Title 2. Entity (categorical) embeddings:
Deep learning has seen tremendous success in a variety of problems in the past years. However, in real-world tabular data problems, other approaches (e.g. GBMs) are more successful. That doesn't mean that deep learning isn't useful in tabular settings. One of the most interesting contributions is the concept of embeddings for categorical data. Traditional techniques for treating categorical variables (e.g. one-hot encoding, target encoding) have strong limitations, either because they increase the dimensionality of the feature space or because they are specifically tied to the task being solved. Categorical embeddings attempt to solve both issues by mapping the categories into a high dimensionality space where similar categories are near one another. This project would entail implementing categorical embeddings for portuguese locations (concelhos/freguesias): how similar are "Freixo de Espada à Cinta" and "Vila Nova da Barquinha"?
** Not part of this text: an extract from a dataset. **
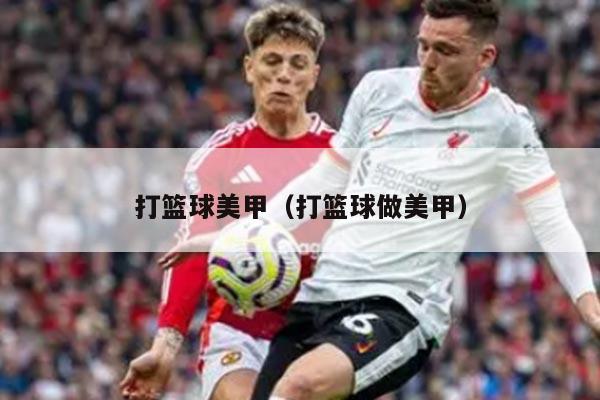 打篮球美甲（打篮球做美甲）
Title 3. Causal machine learning:
Typical machine learning models learn correlations between features and targets. That's good enough if you're trying to predict what will happen, but not if you're predicting what will happen if you do something. For instance, if you're trying to predict the success of a new drug, you don't want to predict whether the patient will get better - you want to predict whether the patient will get better if he's treated with that drug but would remain ill if he didn't get it. That means that your model is estimating the effect of an intervention and not the probability of an event. If you can conduct an A/B test, you can estimate that effect directly. But sometimes all you have is so-called observational data: data that did not result from a proper experiment. In these scenarios, the solution is to use causal machine learning. In this project, you'll estimate the effect of marketing campaigns for individual customers: how big of an effect do you actually get by calling a customer? You'll try different causal techniques (S-learner, T-learner, X-learner, Orthogonal Forests, and Doubly Robust Learners) and explore the proper metrics to assess these models.